Tropical cyclones have enormous impact on life and property around the world. These storms can destroy cities, economies and even armies. However, our ability to understand the strengths or even just to count the numbers of storms that have occurred globally or even in each ocean basin is limited by deficits in the historical data. For instance, there are studies in published literature that suggest that typhoon activity is both increasing and decreasing in the western Pacific Ocean. Clearly both cannot be true!
Changing personnel, forecasting procedures, technological innovation and the introduction of new types of satellite data have created a record of past tropical storm information that is heterogeneous – that is, non-uniform. So looking at how the climatology or history of storms has changed over time is quite difficult and riddled with assumptions.
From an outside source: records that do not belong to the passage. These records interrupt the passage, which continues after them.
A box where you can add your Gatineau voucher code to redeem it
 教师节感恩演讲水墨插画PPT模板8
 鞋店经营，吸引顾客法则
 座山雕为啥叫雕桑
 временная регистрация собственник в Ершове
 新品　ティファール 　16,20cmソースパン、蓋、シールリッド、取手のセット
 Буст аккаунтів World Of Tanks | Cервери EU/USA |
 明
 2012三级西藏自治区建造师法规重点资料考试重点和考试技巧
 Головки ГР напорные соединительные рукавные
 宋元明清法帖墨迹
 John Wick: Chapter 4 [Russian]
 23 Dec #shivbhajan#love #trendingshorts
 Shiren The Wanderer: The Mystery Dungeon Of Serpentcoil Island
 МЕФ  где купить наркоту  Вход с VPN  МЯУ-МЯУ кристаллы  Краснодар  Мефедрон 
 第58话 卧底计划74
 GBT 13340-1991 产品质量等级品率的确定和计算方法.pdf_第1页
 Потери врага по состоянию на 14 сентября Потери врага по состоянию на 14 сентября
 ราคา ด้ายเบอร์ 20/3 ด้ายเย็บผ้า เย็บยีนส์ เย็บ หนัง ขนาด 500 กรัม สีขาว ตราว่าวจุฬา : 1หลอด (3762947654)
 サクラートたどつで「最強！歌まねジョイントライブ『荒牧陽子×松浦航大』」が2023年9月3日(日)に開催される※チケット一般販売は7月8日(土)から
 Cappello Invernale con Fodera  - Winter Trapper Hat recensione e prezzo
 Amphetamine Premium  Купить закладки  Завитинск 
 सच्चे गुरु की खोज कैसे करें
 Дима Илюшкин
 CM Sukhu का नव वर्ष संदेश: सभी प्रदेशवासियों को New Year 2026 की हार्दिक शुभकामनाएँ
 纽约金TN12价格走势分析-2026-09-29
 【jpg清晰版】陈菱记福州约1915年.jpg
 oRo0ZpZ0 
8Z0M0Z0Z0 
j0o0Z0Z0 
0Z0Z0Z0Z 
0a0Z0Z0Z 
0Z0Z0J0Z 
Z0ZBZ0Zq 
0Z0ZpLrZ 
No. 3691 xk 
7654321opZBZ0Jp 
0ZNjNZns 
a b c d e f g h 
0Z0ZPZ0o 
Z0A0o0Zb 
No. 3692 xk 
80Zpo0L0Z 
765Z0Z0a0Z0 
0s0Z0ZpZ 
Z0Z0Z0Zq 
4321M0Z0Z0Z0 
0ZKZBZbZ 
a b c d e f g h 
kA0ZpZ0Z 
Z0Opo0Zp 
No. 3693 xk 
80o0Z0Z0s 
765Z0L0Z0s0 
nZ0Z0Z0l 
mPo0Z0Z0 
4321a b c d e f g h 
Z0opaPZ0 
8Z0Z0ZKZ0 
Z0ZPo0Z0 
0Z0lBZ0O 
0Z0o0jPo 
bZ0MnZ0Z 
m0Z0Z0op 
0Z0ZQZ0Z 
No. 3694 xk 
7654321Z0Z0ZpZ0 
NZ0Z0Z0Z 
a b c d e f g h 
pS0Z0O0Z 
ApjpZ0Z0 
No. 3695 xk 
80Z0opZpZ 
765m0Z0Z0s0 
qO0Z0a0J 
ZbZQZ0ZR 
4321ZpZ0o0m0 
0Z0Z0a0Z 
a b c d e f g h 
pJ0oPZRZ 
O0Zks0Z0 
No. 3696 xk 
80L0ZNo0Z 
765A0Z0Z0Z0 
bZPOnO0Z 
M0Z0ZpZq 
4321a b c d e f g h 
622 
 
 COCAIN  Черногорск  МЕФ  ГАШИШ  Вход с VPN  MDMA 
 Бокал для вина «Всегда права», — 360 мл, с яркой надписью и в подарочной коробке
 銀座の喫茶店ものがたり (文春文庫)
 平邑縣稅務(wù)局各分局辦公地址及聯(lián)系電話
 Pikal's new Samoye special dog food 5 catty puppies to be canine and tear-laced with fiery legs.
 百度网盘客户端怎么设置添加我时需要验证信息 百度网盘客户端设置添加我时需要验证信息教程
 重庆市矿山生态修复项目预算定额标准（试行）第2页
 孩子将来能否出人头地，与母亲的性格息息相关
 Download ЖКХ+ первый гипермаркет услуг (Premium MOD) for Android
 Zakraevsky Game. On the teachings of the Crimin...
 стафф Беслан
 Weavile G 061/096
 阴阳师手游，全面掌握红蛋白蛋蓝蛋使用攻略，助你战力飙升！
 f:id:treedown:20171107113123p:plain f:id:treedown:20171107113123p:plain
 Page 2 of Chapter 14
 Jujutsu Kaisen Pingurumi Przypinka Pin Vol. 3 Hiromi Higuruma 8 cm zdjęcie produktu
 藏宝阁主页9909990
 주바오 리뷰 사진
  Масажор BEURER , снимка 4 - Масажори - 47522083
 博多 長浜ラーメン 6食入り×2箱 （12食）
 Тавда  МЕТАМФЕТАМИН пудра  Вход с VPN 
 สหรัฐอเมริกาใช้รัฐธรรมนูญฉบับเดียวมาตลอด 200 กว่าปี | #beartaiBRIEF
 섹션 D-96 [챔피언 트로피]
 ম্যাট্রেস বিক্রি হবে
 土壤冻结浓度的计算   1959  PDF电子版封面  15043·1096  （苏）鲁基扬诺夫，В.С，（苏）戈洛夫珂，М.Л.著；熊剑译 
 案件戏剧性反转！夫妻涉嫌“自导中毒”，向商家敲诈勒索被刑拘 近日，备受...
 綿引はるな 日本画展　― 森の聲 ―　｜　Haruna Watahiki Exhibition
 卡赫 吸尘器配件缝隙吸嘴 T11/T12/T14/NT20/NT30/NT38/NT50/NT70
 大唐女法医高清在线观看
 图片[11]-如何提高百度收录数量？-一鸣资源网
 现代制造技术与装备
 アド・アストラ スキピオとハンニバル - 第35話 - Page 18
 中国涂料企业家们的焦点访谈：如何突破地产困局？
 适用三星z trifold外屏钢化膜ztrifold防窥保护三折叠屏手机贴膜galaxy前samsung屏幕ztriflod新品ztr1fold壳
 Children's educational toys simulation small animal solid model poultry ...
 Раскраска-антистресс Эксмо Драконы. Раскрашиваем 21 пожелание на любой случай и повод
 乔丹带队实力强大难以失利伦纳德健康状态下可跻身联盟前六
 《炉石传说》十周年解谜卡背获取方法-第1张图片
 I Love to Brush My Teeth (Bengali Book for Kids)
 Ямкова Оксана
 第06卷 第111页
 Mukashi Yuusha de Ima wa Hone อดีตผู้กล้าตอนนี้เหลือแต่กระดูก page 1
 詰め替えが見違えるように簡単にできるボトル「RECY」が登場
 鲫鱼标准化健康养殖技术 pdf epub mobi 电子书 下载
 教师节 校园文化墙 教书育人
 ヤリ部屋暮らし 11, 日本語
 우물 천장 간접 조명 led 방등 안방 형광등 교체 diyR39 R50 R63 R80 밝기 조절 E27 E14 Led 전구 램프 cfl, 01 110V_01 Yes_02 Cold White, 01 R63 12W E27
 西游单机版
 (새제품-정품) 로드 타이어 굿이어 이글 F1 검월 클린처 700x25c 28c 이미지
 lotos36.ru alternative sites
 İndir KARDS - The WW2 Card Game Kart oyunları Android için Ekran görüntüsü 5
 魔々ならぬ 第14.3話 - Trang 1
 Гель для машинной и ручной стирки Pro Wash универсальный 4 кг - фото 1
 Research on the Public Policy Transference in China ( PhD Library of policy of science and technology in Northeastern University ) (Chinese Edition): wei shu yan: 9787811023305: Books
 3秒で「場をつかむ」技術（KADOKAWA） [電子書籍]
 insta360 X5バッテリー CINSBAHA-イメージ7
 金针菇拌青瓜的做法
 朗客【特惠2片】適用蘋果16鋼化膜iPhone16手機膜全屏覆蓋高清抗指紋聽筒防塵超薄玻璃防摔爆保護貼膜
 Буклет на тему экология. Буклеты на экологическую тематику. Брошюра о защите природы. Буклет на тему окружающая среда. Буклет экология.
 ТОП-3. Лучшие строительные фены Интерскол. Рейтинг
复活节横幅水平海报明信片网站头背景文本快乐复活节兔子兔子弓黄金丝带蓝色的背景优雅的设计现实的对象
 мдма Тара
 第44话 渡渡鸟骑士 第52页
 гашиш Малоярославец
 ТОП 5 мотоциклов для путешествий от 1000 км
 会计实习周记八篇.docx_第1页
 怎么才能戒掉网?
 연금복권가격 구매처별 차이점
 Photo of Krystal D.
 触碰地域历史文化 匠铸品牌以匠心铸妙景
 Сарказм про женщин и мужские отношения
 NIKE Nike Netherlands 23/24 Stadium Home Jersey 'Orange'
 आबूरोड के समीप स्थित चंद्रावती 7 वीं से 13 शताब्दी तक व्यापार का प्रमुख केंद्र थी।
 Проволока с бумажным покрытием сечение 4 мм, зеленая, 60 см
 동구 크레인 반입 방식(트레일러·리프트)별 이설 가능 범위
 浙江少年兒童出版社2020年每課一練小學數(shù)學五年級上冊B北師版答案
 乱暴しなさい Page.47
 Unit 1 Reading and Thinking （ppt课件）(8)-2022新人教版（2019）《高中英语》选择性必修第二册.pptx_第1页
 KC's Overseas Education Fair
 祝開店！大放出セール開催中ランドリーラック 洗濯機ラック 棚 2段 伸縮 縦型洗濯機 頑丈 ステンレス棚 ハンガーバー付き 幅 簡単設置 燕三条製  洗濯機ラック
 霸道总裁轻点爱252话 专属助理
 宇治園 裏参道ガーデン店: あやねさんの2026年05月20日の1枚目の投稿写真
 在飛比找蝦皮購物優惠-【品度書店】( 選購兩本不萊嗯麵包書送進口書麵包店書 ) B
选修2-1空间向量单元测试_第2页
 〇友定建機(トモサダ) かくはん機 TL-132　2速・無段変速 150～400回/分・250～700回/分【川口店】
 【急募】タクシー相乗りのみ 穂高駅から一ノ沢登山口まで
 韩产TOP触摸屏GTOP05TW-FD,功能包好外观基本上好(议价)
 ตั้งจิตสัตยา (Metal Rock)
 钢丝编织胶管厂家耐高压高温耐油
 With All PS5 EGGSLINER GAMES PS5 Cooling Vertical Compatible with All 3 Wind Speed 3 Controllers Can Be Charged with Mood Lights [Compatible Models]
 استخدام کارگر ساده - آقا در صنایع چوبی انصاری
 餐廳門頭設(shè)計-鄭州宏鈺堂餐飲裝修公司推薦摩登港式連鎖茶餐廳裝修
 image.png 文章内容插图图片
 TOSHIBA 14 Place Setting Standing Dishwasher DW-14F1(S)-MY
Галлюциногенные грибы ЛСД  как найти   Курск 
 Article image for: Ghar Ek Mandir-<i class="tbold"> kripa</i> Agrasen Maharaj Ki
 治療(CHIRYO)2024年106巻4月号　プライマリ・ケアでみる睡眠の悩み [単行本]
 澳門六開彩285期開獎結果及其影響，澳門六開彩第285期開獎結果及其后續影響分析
For example, researchers interested in the number of tropical cyclones that have occurred each year throughout history have to make decisions about what years to begin or end their studies – the “period of record.” This choice can influence the results substantially. One possible choice is to choose a starting date as of when all recordkeeping began, say, 1851, ending in the present. This very long record would have a greater number of storms included but the data quality may not be as good as if the researcher made a different choice and started in the 1980’s satellite era. This alternative choice, limiting their years of interest to the time period when the entire globe has satellite observations would influence the number of storms included in the study. Before satellites, how would anyone know if a storm existed if it did not, in some way, impact humanity? Neither choice is “incorrect” but the assumption that is made clearly affects the results.
Looking at the history of one storm at a time, even fairly recent storms have discrepancies in their historical records. For example, four forecast agencies were responsible for tracking Typhoon Yvette in 1992 – the Joint Typhoon Warning Center (US Navy), the Japan Meteorological Agency, the China Meteorological Administration, and the Hong Kong Observatory. These agencies have different methods and procedures for estimating the wind speed in tropical cyclones. The differences can be quite large. As shown in the graph below, on October 13th, 1992, the Joint Typhoon Warning Center estimated Yvette’s winds to be 155 knots while The Hong Kong Observatory estimated only 90 knots. This would be the difference between a Category 2 and Category 5 tropical cyclone on the Saffir-Simpson Hurricane Scale used in the United States. It isn’t clear what the best answer is for Yvette.
Using group consensus, citizen scientists making storm strength estimates in CycloneCenter.org can help clear up this confusion. By participating in this endeavor, you and other citizen scientists are analyzing the satellite images through a process similar to the Dvorak Technique used by meteorologists, thereby providing a more consistent record of tropical cyclone strength. Your choices as you classify storms – your very mouse clicks – will lead to a better understanding of tropical cyclones. You never know, the statistics from the decision process you use to classify storms could even lead to further refinement of the intensity estimation process meteorologists use as well!